What is needed - Print the line that contains "Муж. Спортивные шорты", then every line after it until the entries end, exactly as they read; do not include pictures.

◇ ◇ ◇ ◇ ◇ ◇ ◇

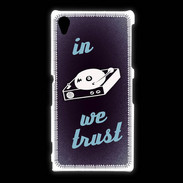 Coque Sony Xpéria Z1 In DJ We trust Bleu ZG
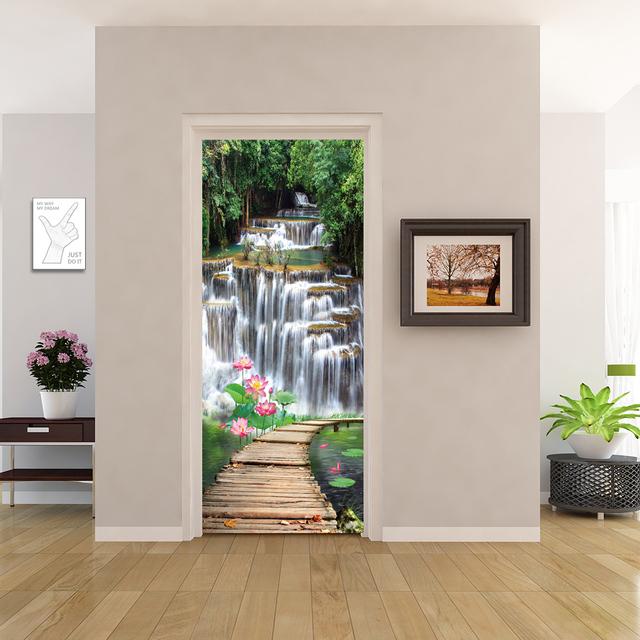 PVC Home Decor Eingang Tür Aufkleber Bad Dusche Zimmer Schlafzimmer Selbstklebende Fototapete Renovierung Landschaft Poster Wasserdicht 40x120cm(1 piece) von Joom DACH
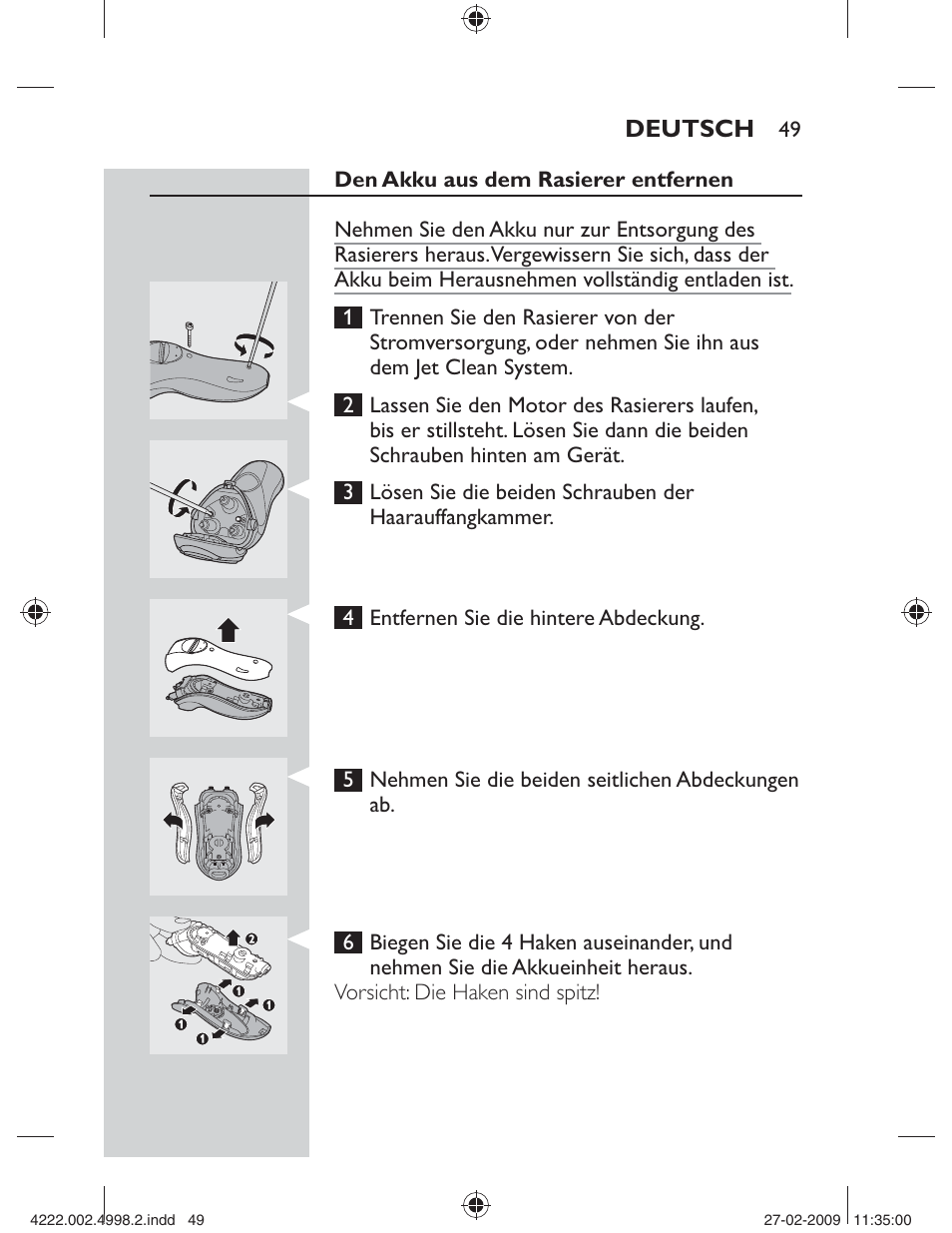 Deutsch | Philips SHAVER Series 3000 Afeitadora eléctrica User Manual | Page 47 / 192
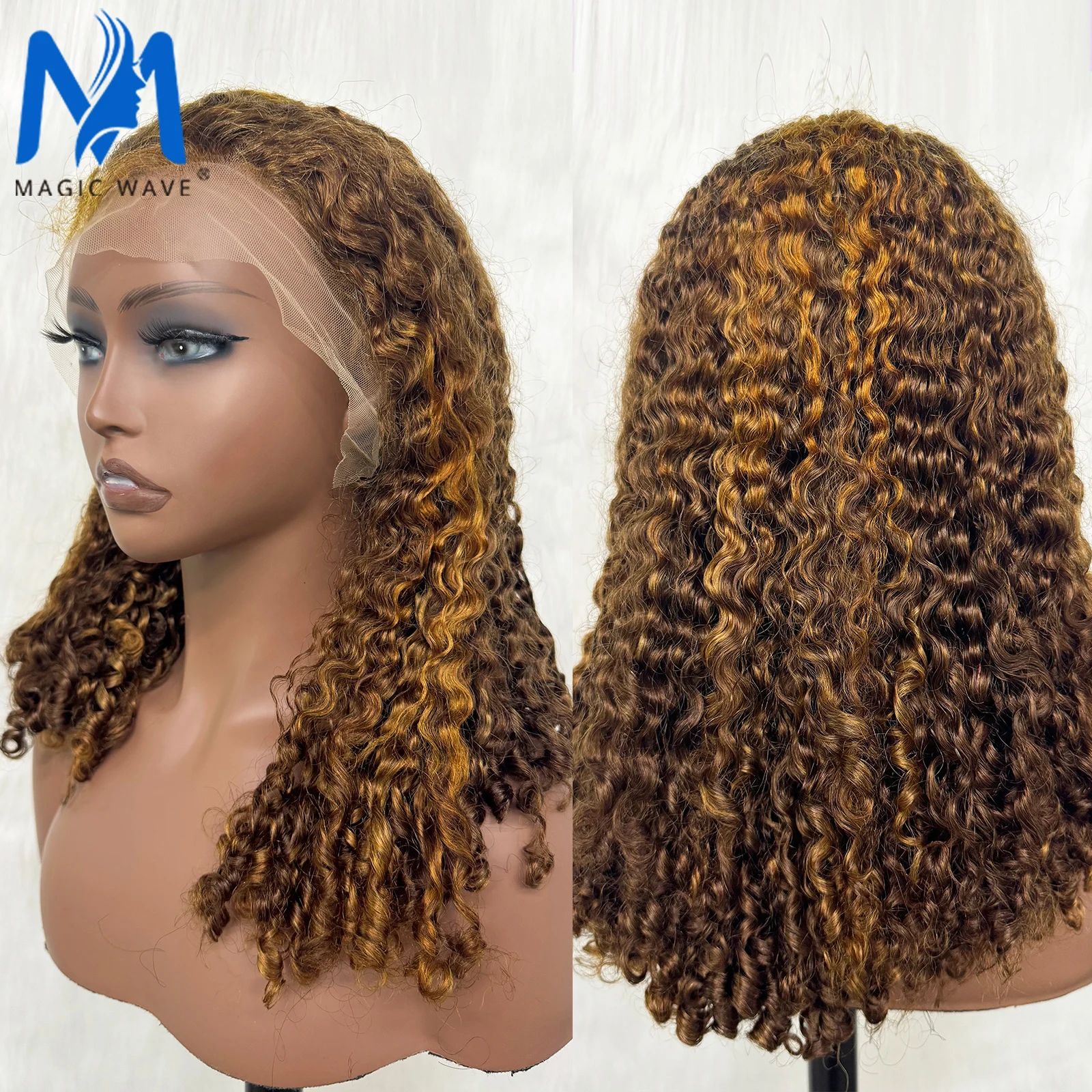 Dubbelgetrokken 12A Birmese krullend remy-haar pruik 13x4 transparant kanten voorkant 250% dichtheid 12-20 inch bob haar pruik voor zwarte vrouwen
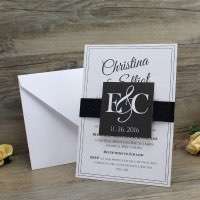 Black and White Invitation Card Simple Style Business Card Wedding Invitation with Envelope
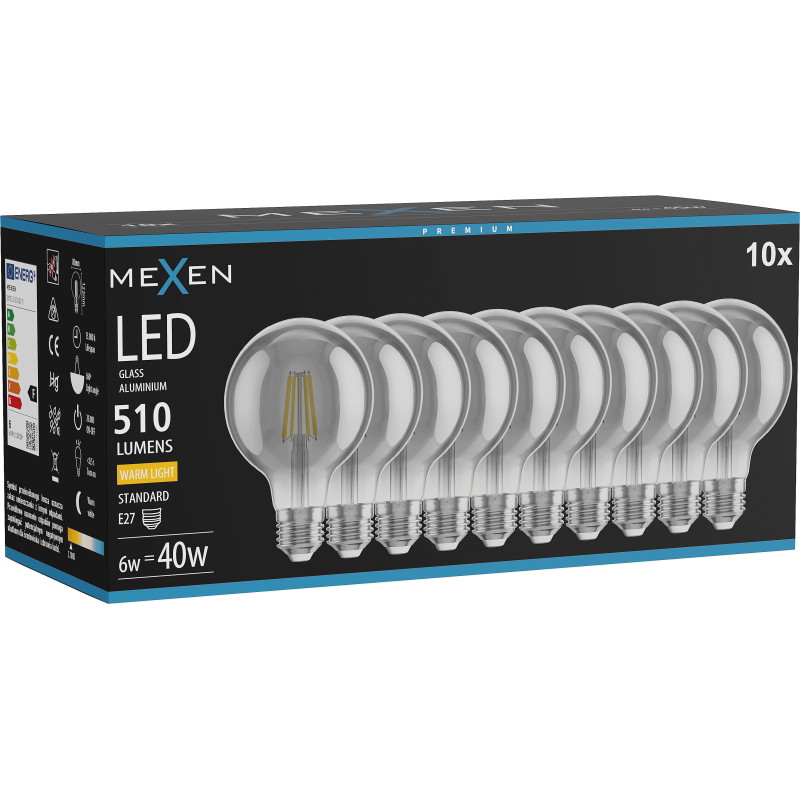 Mexen Vintis 10x LED нажежаема крушка Е27, G80, 6W, Топла светлина - 2700K, 510 lm, димно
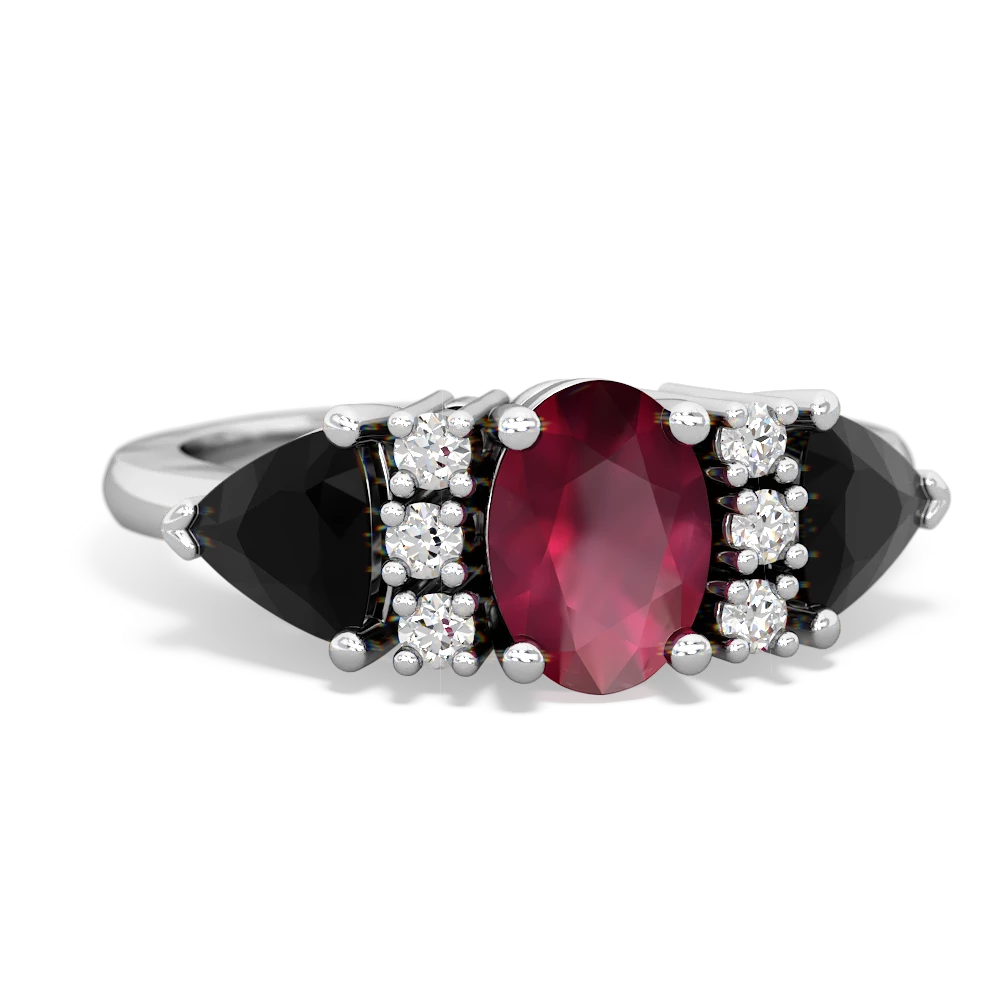 Ruby Antique Style Three Stone 14K White Gold ring R2186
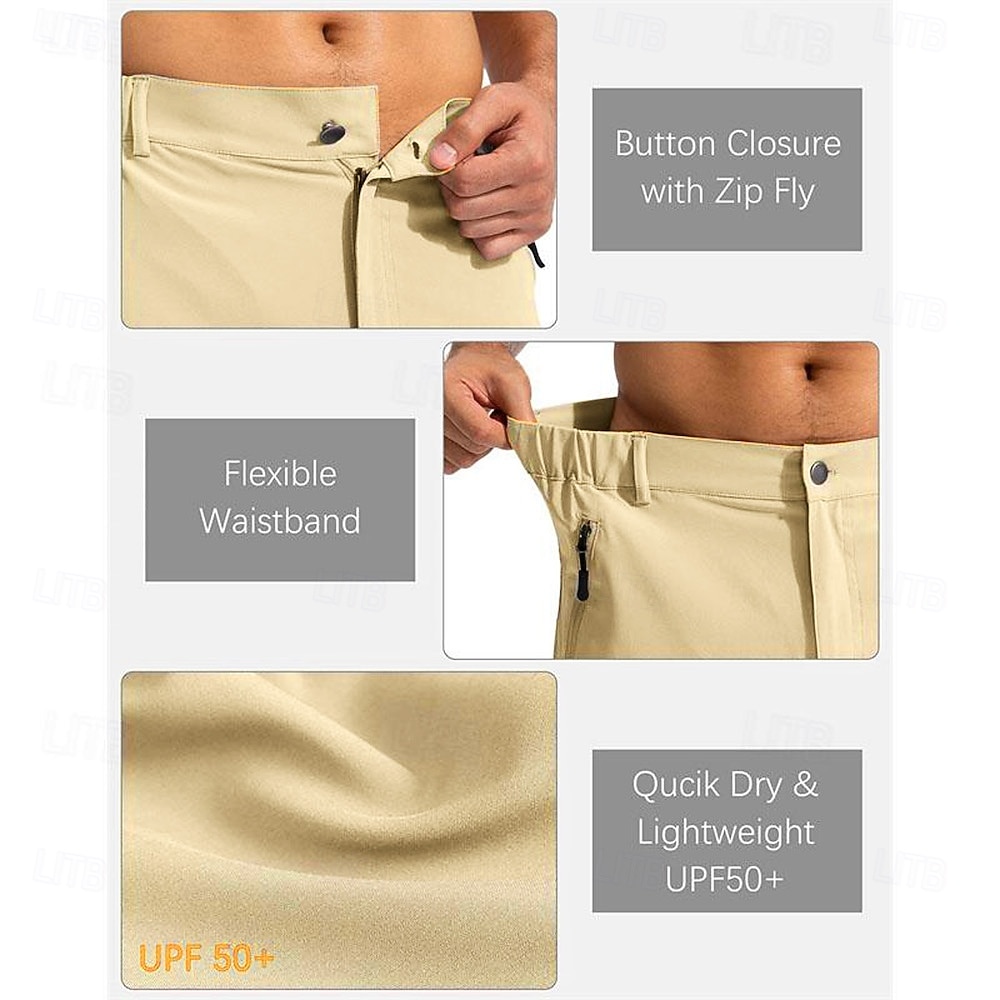 Муж. Спортивные шорты Шорты-карго Уличные шорты Шорты для туризма и прогулок Эластичная талия Карман на молнии Полотняное плетение Дышащий Быстровысыхающий Короткие 2026 - $39.99 –P6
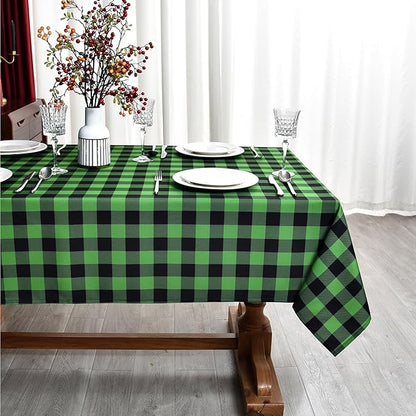 Waterproof Checkered Tablecloth Fabric - Rectangle 58x84 Inch Green St Patricks Day Table Cloth for Indoor/Outdoor Use - Irish Table Cover for Christmas, BBQs, and Parties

◇ ◇ ◇ ◇ ◇ ◇ ◇

Answer for the task -
 Муж. Спортивные шорты Шорты-карго Уличные шорты Шорты для туризма и прогулок Эластичная талия Карман на молнии Полотняное плетение Дышащий Быстровысыхающий Короткие 2026 - $39.99 –P6
 Waterproof Checkered Tablecloth Fabric - Rectangle 58x84 Inch Green St Patricks Day Table Cloth for Indoor/Outdoor Use - Irish Table Cover for Christmas, BBQs, and Parties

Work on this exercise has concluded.